Investigations may include:

  • Physical examination (including internal examination).
  • Biopsy.
  • Anoscopy – tissue samples may be taken for analysis.
  • Proctoscopy.
  • Endo-anal or endo-rectal ultra sound.
  • CT scan.
  • PET scan.
  • MRI scan.

Treatment

Depends on several factors:

  • The type of tumour.
  • The position of the tumour.
  • The stage of the cancer.
  • General health.

Surgery

Surgery is not often used for anal cancer now, the preferential treatment being a combination of radiotherapy and chemotherapy. Occasionally used for small tumours if the chemoradiation hasn’t cleared the disease. This may be a local resection removing small tumours on the outside of the anus (if this is the initial treatment, chemoradiation may be recommended after surgery).

In some cases, more extensive surgery may be recommended and this involves the removal of the anus and rectum (abdominoperineal resection), which will require a permanent colostomy.

Radiotherapy

Radiotherapy in combination with chemotherapy is usually the main treatment for anal cancer as it can be effective and avoids major surgery.

Intensity Modulated Radiotherapy (IMRT) is now being used in some radiotherapy centres and in some cases of anal cancer is proving to increase the effectiveness of treatment by enabling the disease to be targeted very accurately hence reducing dose to healthy tissue and reducing side effects.

Image guided radiotherapy (IGRT) also enables the radiotherapy to be precisely delivered to the intended area which reduces potential radiation dose to healthy tissues by allowing the radiography team to review organ position and ideally adapt the patient position on a daily basis to ensure precision.

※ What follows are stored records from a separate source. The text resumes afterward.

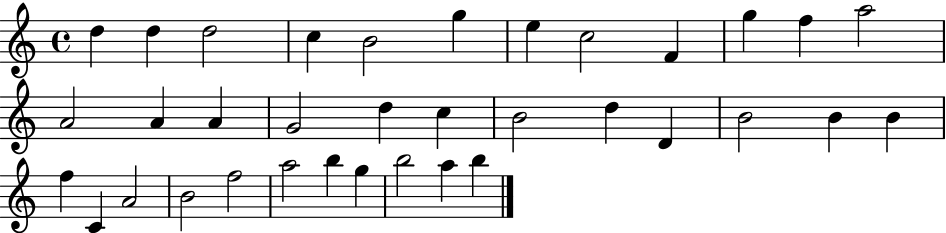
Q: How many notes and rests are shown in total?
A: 35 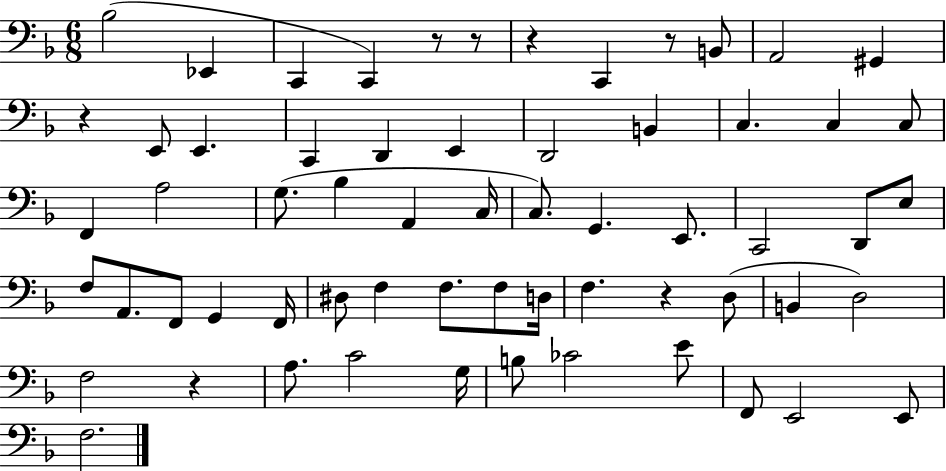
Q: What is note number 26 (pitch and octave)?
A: G2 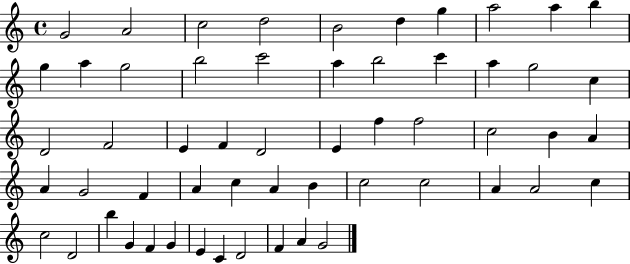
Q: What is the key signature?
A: C major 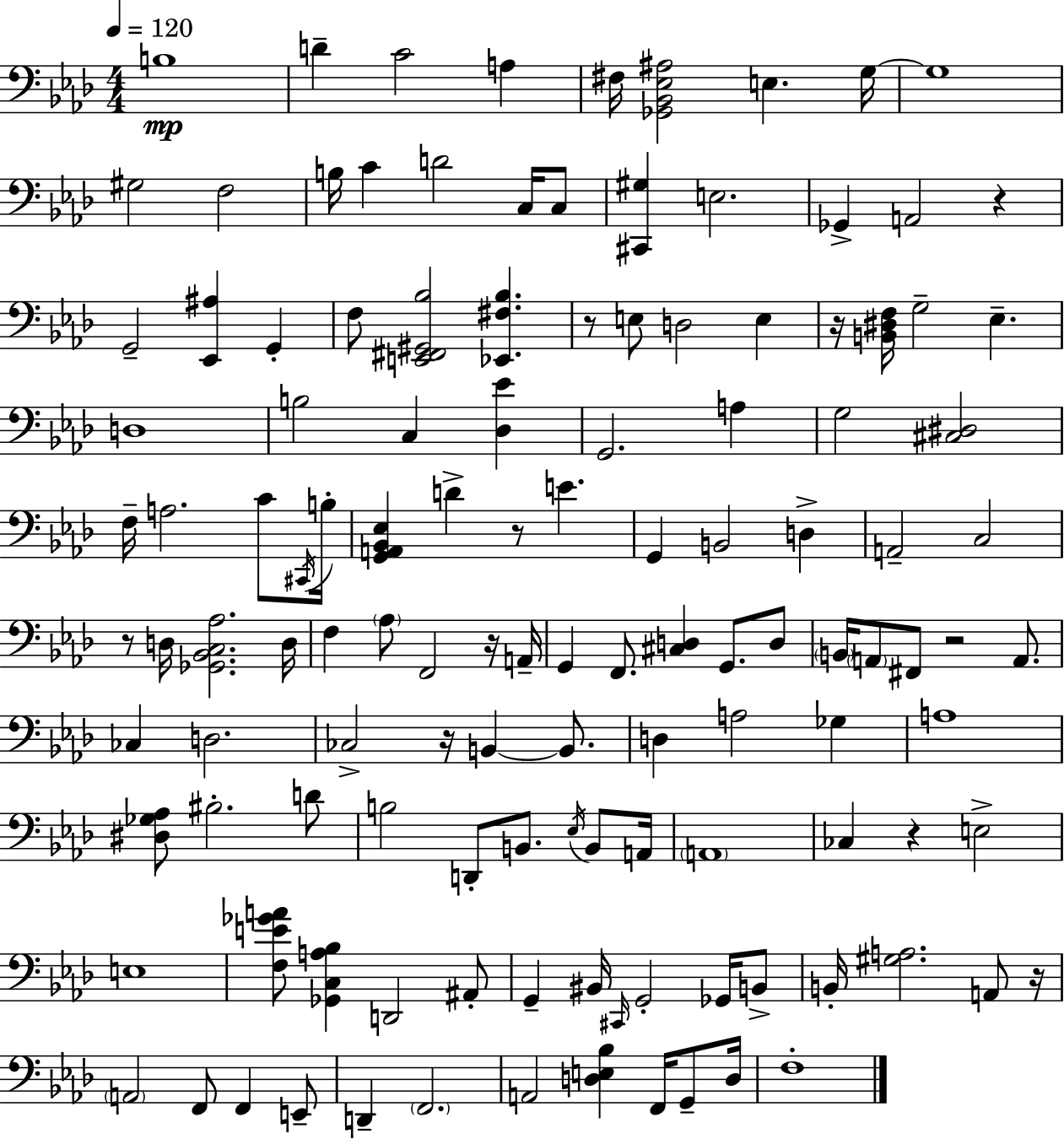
B3/w D4/q C4/h A3/q F#3/s [Gb2,Bb2,Eb3,A#3]/h E3/q. G3/s G3/w G#3/h F3/h B3/s C4/q D4/h C3/s C3/e [C#2,G#3]/q E3/h. Gb2/q A2/h R/q G2/h [Eb2,A#3]/q G2/q F3/e [E2,F#2,G#2,Bb3]/h [Eb2,F#3,Bb3]/q. R/e E3/e D3/h E3/q R/s [B2,D#3,F3]/s G3/h Eb3/q. D3/w B3/h C3/q [Db3,Eb4]/q G2/h. A3/q G3/h [C#3,D#3]/h F3/s A3/h. C4/e C#2/s B3/s [G2,A2,Bb2,Eb3]/q D4/q R/e E4/q. G2/q B2/h D3/q A2/h C3/h R/e D3/s [Gb2,Bb2,C3,Ab3]/h. D3/s F3/q Ab3/e F2/h R/s A2/s G2/q F2/e. [C#3,D3]/q G2/e. D3/e B2/s A2/e F#2/e R/h A2/e. CES3/q D3/h. CES3/h R/s B2/q B2/e. D3/q A3/h Gb3/q A3/w [D#3,Gb3,Ab3]/e BIS3/h. D4/e B3/h D2/e B2/e. Eb3/s B2/e A2/s A2/w CES3/q R/q E3/h E3/w [F3,E4,Gb4,A4]/e [Gb2,C3,A3,Bb3]/q D2/h A#2/e G2/q BIS2/s C#2/s G2/h Gb2/s B2/e B2/s [G#3,A3]/h. A2/e R/s A2/h F2/e F2/q E2/e D2/q F2/h. A2/h [D3,E3,Bb3]/q F2/s G2/e D3/s F3/w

Chemoradiation will also treat disease that has grown into nearby tissues and lymph nodes. Palliative radiotherapy may be given to try and shrink the tumour to relieve symptoms.

Chemotherapy

Chemotherapy is used with radiotherapy (chemoradiation). The chemotherapy drugs are usually fluorouracil (5FU) and mitomycin C. Chemotherapy may be given if the disease has recurred in other parts of the body to help control and relieve symptoms.